My Essays are often un-rigorous and unwieldy as “scholarly” documents, but like the images to which they are intended to be attached, they display a work-in-progress-motility, capable of grounding something of the results of my readings, and they have also usefully helped me to understand numerous difficult concepts and minutiae that liberally swirl around Joyce and Duchamp’s approaches to sense and nonsense in the works of art to which they put their names, or - in Duchamp’s case - someone else’s name: Rrose Selavy: a ruminative alter-ego.

Like Joyce and Duchamp’s own Notes, then, my essays are useful for me since what they do is to enlarge and broaden the base materials of my selected imagery through a mirror-stage of reflection and the pooling of newly-learned materials that have led me to more ideas for my practice and for theory and for imagery and back, once more, to language. There should be a sense of transparency for the visitor to this site due largely to the effects of the way many of my essays have been left as they were in the act of their creation where notes and quotations have been left at there end - to drift as in the wake of a ship moving through a sea of reading.

Certainly such a “wake” was intended by Joyce to infer one aspect of the work of Finnegans Wake, and Duchamp’s Notes as opposed to being read first before engaging with the Glass has not occurred in actuality, and his Notes instead rather appear as appendices to the tangible object, a copy of which sits in the Tate Gallery in London and the original in the Philadelphia Museum of Art.
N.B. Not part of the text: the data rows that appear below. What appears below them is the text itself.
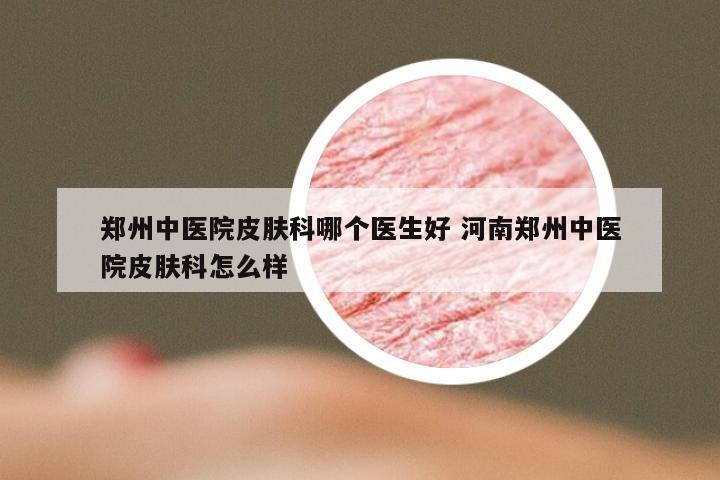郑州中医院皮肤科哪个医生好 河南郑州中医院皮肤科怎么样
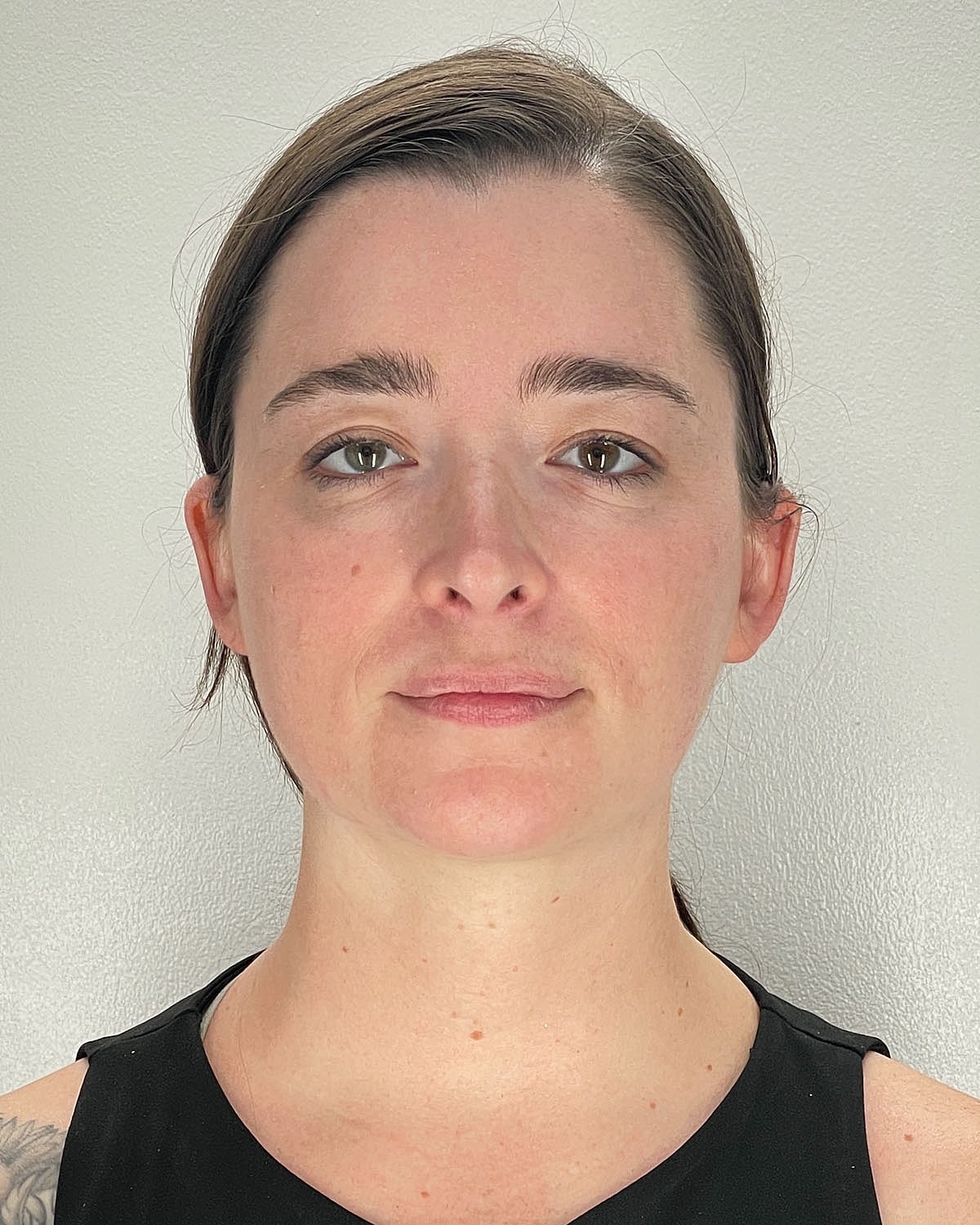 Chin Liposuction Gallery Before & After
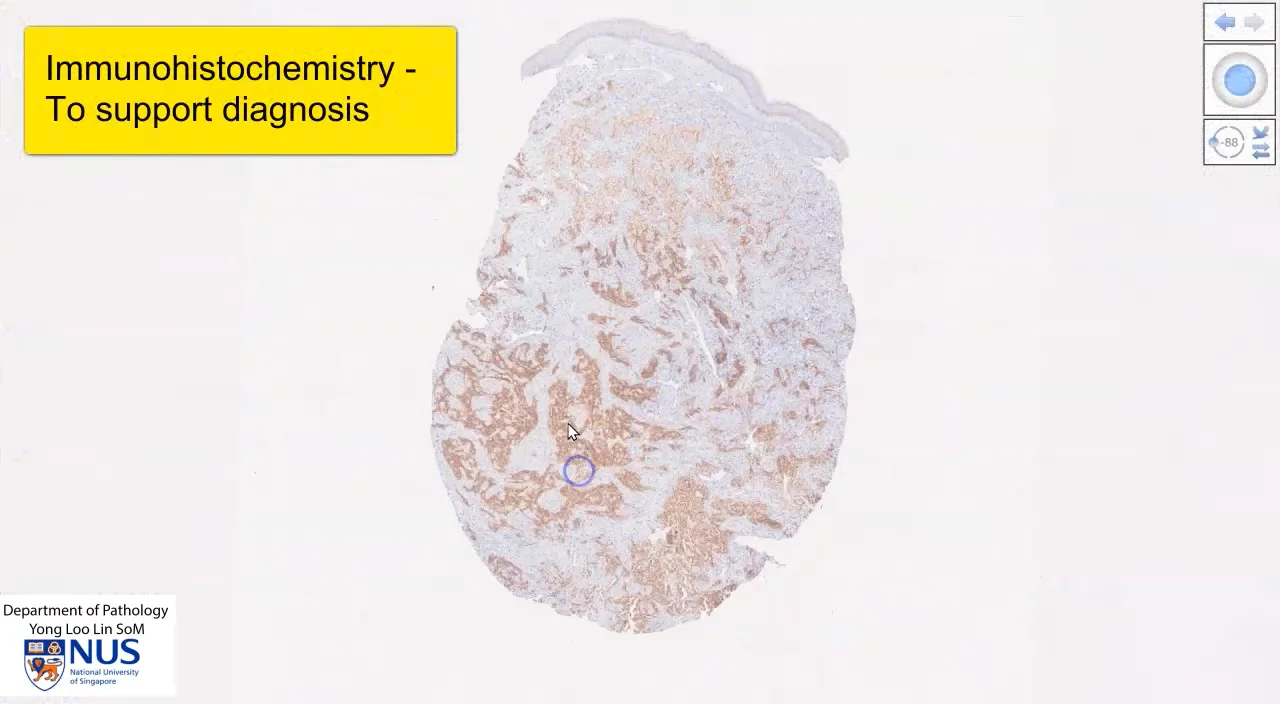 Skin - Metastatic renal cell carcinoma on Vimeo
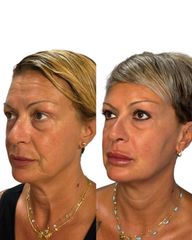 Full face - Dott.ssa Sara Carinci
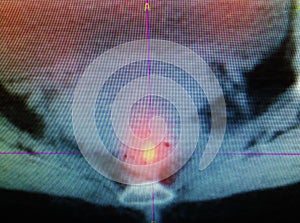 Colorectal carcinoma pet /ct diagnostic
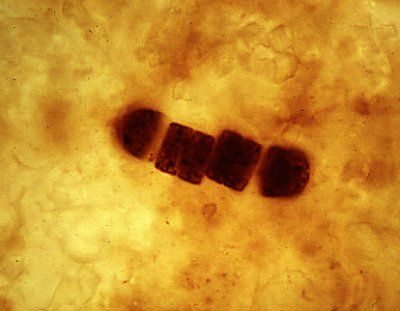Zyanobakterien-Fossilien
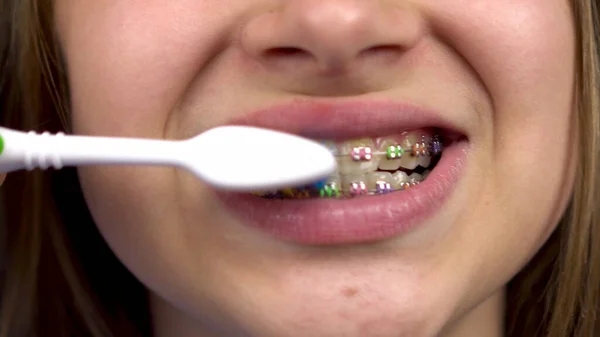 Girl with braces brush her teeth with a toothbrush closeup. A girl with colored braces on her teeth keeps her teeth clean. — Stock Photo, Image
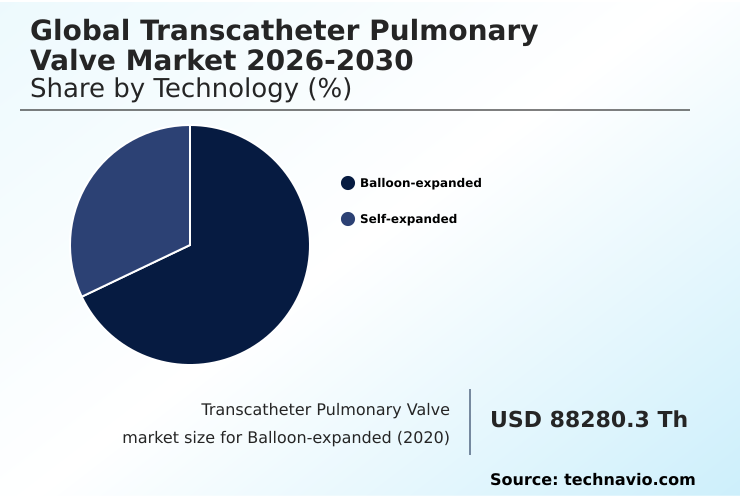 Foundry Equipment Market Size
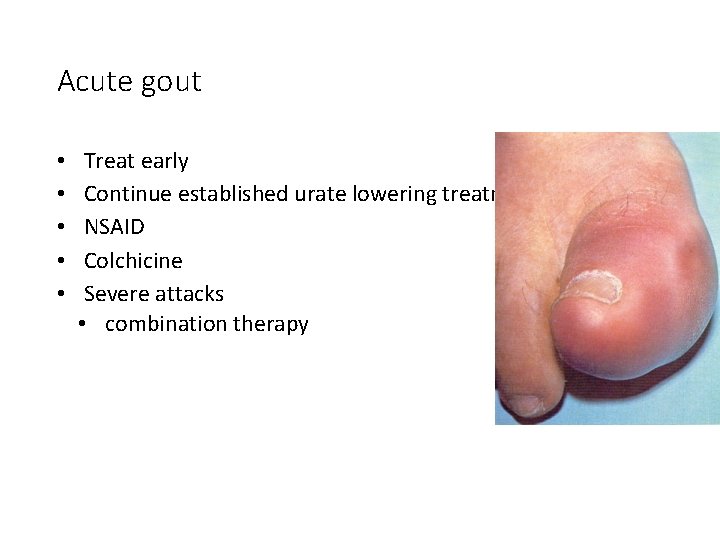 Acute gout • • • Treat early Continue established urate lowering treatment NSAID Colchicine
Richard Hamilton was in touch with Duchamp concerning his Notes and the possibility of him creating a copy of the Glass so that his work has been of marginal interest.

he essay I wrote On Donald Theall came about partly as a request from Hypermedia Joyce, and certainly Theall’s work on Joyce’s penchant for the technology of his day in James Joyce's Techno-Poetics and also his Beyond the word: Reconstructing sense in the Joyce era of technology, culture and communication had an immediate scholarly interest for me as an aid to beginning work on Reading Joyce Reading Duchamp. My Notes for Visual Studies is an essay that strolls from Louis Armand to Donald Theall and practices a “content” on Joyce and Duchamp through Heidegger, Derrida, poetry, music and Mallarmé to prepare a way, as I now understand it, to begin discussing or at least thinking through Henri Bergson via Deleuze and Guattari.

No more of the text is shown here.